Nell´incontro ristretto che si è svolto ieri al Quirinale, si è poi fatto notare che per il governo la riforma del lavoro è la logica conseguenza degli interventi fatti negli ultimi mesi su pensioni e liberalizzazioni.
Anche per questo il Colle non condivide chi contesta la rigidità manifestata in alcune occasioni da parte del Professore. La questione sociale è un valore da difendere – lo ha ripetuto in questi giorni il Presidente della Repubblica – ma non a costo dell´immobilismo. Nello stesso tempo al Quirinale nessuno nasconde i pericoli di una tensione sociale crescente. Timori manifestati anche con il presidente del Consiglio. Tensioni che Palazzo Chigi non vuole avallare e proprio per questo ha apprezzato la presa di distanza della Cgil dall´episodio che ha coinvolto l´altro ieri il segretario del Pdci Diliberto con una militante che indossava una maglietta inneggiante alla morte del ministro Fornero.
Anche per questo da ieri Monti ha fatto di tutto per tendere la mano verso il Pd. «Voglio unire e non dividere», spiega in queste ore. Sa che il malessere dei democratici non può essere sottovalutato. E´ addolorato per il no della Camusso ma non intende nemmeno fare dietrofront sull´intera riforma.
A Bersani – ma anche a Fini e a Schifani – ha spiegato che proprio in Parlamento possono intervenire delle modifiche in grado di evitare spaccature «nella maggioranza e dentro i partiti della coalizione che sostiene il governo». Soprattutto il premier vuole impedire che il Pdl possa mettere in atto una strategia capace di allontanare il Pd dal governo.
Sospetti questi che anche il segretario democratico ha iniziato a coltivare. Non solo. Bersani ha voluto ieri in primo luogo far notare a Monti che le conseguenze di una riforma non condivisa «non possono essere sottovalutate». E i primi segni di queste conseguenze sono già emersi con le dichiarazioni pubbliche della Cei e della Cisl che ha corretto in corsa la sua impostazione.
Un primo chiarimento, quindi, tra Palazzo Chigi e il Pd è intervenuto.
Non solo con Bersani.
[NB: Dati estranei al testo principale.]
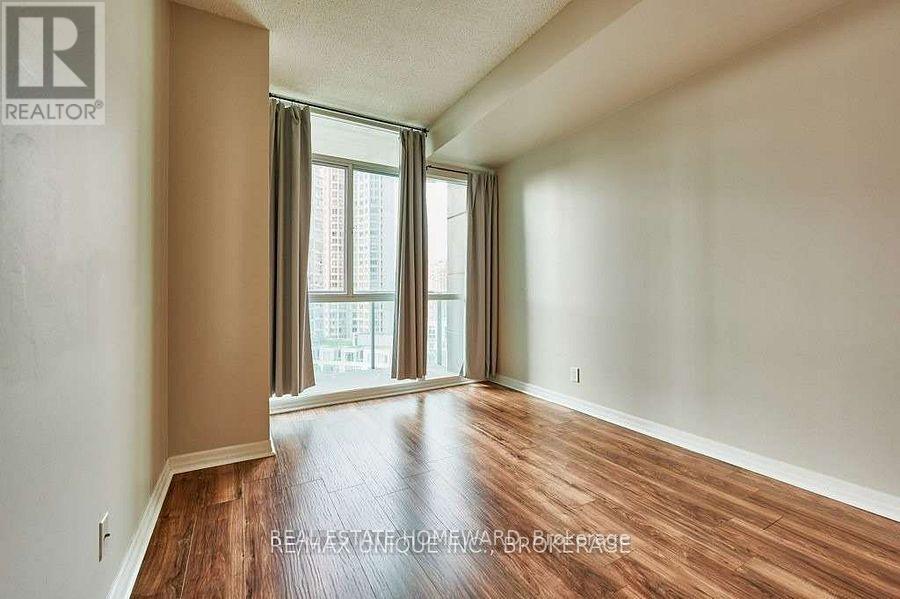 1406 - 220 Burnhamthorpe Road W, Mississauga, Ontario  L5B 4N4 - Photo 13 - W12708266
Monti ieri alla Camera ha voluto parlare anche con due esponenti di due correnti diverse all´interno dei democratici: con D´Alema e con Fioroni. E sul banco della trattativa da ieri il Professore ha messo anche un altro intervento: una nuova iniziativa in materia sociale. Un´ultima offerta per persuadere definitivamente il Pd.